Na prova, o Testemunho passado de mão em mão, chegou à Barreira da Bica. Era um remo. Apenas um pequeno remo de madeira, réplica dos remos das bateiras que as mãos calejadas das mulheres avieiras manobravam.

Um prova em tudo simbólica, num dia igualmente simbólico de reencontro de avieiros, de convívio, de partilha e de reflexão. De renovação do firme propósito de fazer reviver a cultura dos "ciganos do rio". Para que a sua "vida" não morra e não morrendo, enriqueça a vida de todos quantos vivem. Hoje, amanhã e no futuro distante...

 

No próximo ano, a 2º Estafeta Avieira decorrerá, provavelmente, no sentido inverso "Barreira da Bica", ou outro lugar avieiro (Patacão, por exemplo) até Vieira de Leiria. Quem sabe, as duas equipas deste ano poderão ser multiplicadas por muitas outras. Gente amante do atletismo e apaixonada pelo nosso património, tangível e intangível.

 

Já nos imaginámos a fazer uma corrida de regresso ao passado? Pois foi o que aconteceu, ontem. Regressámos ao passado através dos passos de corrida dos atletas e de muitas outras atividades que não cabem, propriamente, numa crónica de corrida de uma pseudo atleta, emocionada na linha da Meta e de uma apaixonada pelos pescadores de Borda d´Água, na linha de Partida.

 

A todos os elementos organizadores e aos que apoiaram a sua concretização, sem esquecer o imenso trabalho voluntário desenvolvido, um agradecimento especial. Permitam sublinhar a ação dinamizadora do senhor José Gaspar, de Vale de Figueira e membro da Associação para a Promoção da Cultura Avieira.

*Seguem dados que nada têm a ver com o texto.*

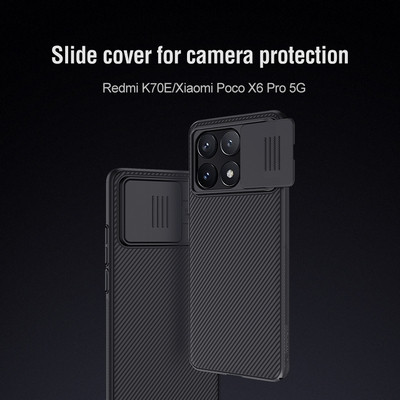 Чехол-накладка Nillkin CamShield Черная для Xiaomi Poco X6 Pro 5G - фото 6 - id-p226505736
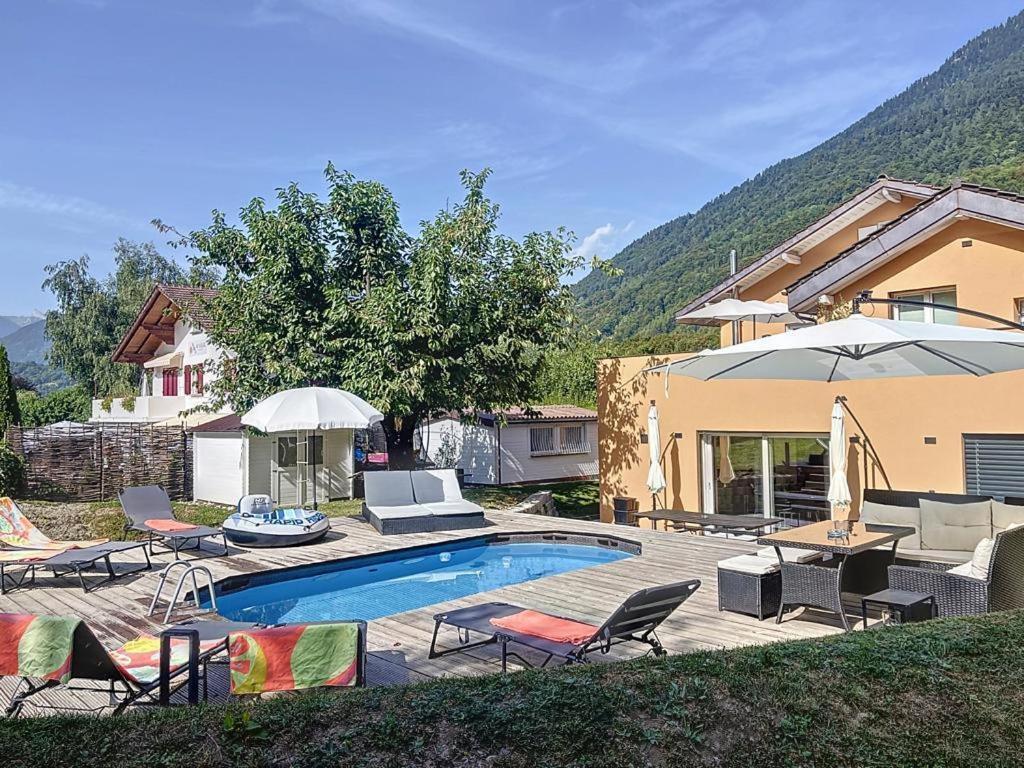 Appartement Moderne Avec Terrasse Et Piscine A Chatel Sur Bex Екстер'єр фото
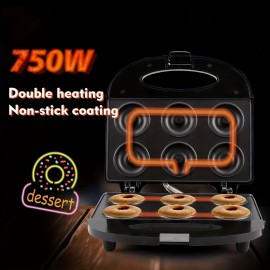 Donut Maker Machine, Non -stick Surface, Donut Making Machine For Home Bakery Dessert Shop Donuts Recipes For Snacks, Dessert, And More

Decorreu tudo (e foram várias as atividades) de forma excecional. Os sentimentos recorrentes eram "estou feliz" e "acredito no renascimento da cultura dos meus avós, dos meus pais e na recordação da minha meninice".

 

A Barreia da Bica não é só frescura, água e verde. Neste dia, foi corrida, peixe frito e pão caseiro, vinho tinto e muitas histórias de sorrisos.

 

 

 

 

Parabéns aos atletas. Parabéns à Organização. Reconhecidamente gratos aos apoios e patrocínios. Para o ano haverá mais! Contem comigo.